Git Submodules - Error while checkout submodules

Error Message:

Error message: Error while checkout submodules from repository https://github.com/user/repo.git.
Error: Error { code: -1, klass: 23, message: "authentication required but no callback set" }

There are limitations with the support for Git Submodules. Only public Submodules over HTTPS or private with embedded basic authentication are supported.

Solution: Follow our Git Submodules guide to make your application working with Git Submodules on Qovery.

Container image xxxxxx.xxx.xx failed to build: Cannot build Application "zXXXXXXXXX" due to an error with docker: Timeout

This error shows up in your deployment logs when the application takes more time to build than the maximum build allowed time (today 1800 seconds).

If your application needs more time to build, increase parameter build.timeout_max_sec within your application advanced settings and trigger again the deployment.

Lifecycle Jobs / Cronjobs

Joib failed: either it couldn't be executed correctly after X retries or its execution didn't finish after Y minutes

This errors occurs in the following two cases:

Job code execution failures The pod running your lifecycle job is crashing due to an exception in your code or OOM issue.
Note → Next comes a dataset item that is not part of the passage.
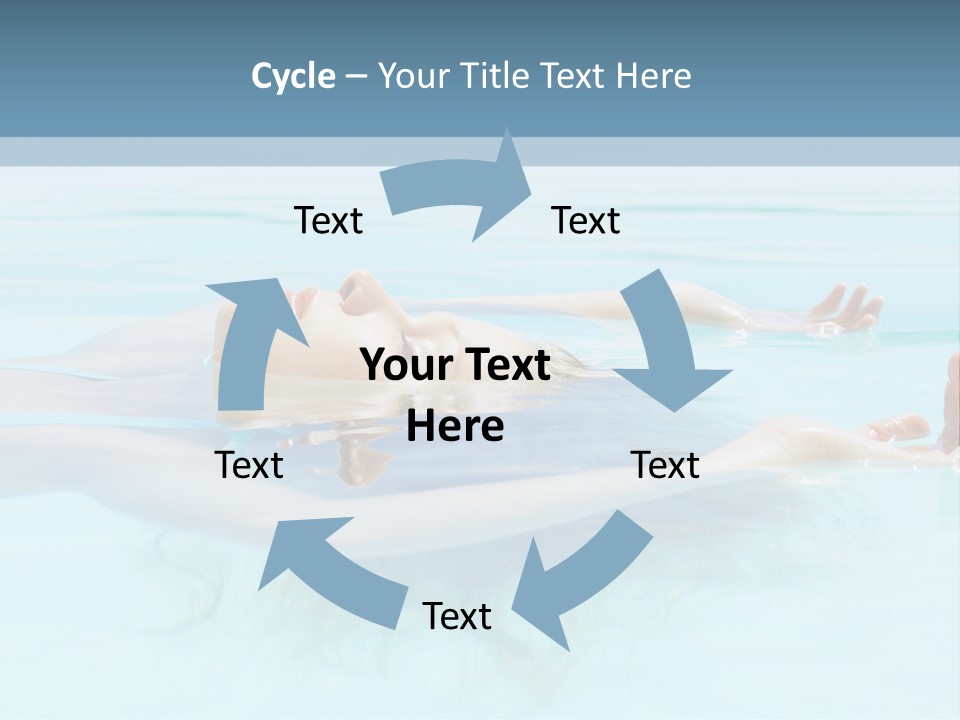 A Woman Floating In A Pool Of Water Powerpoint Template PowerPoint Template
Have a look at the Live Logs of your Lifecycle job to understand from where the issue is coming from your code.

Job execution timeout The code run in your job is taking more time than expected and thus it's execution is stopped. If your code needs more time to be excecuted, increase the Max Duration value within the Lifecycle Job configuration page

Database

SnapshotQuotaExceeded - while deleting a managed DB

This errors occurs because Qovery creates a snapshot before the delete of the database. This to avoid a user mistake who delete a database accidentally.

To fix this issue, you have 2 solutions:

  1. You certainly have useless snapshots, from old databases or old ones you don't want to keep anymore. Delete them directly from your Cloud Provider web interface. Here is an example on AWS:

    • Search for the database service (here RDS)
    • Select the Snapshots menu
    • Select the snapshots to delete

    Database snapshots

  2. Open a ticket to the Cloud Provider support, and as to raise this limit.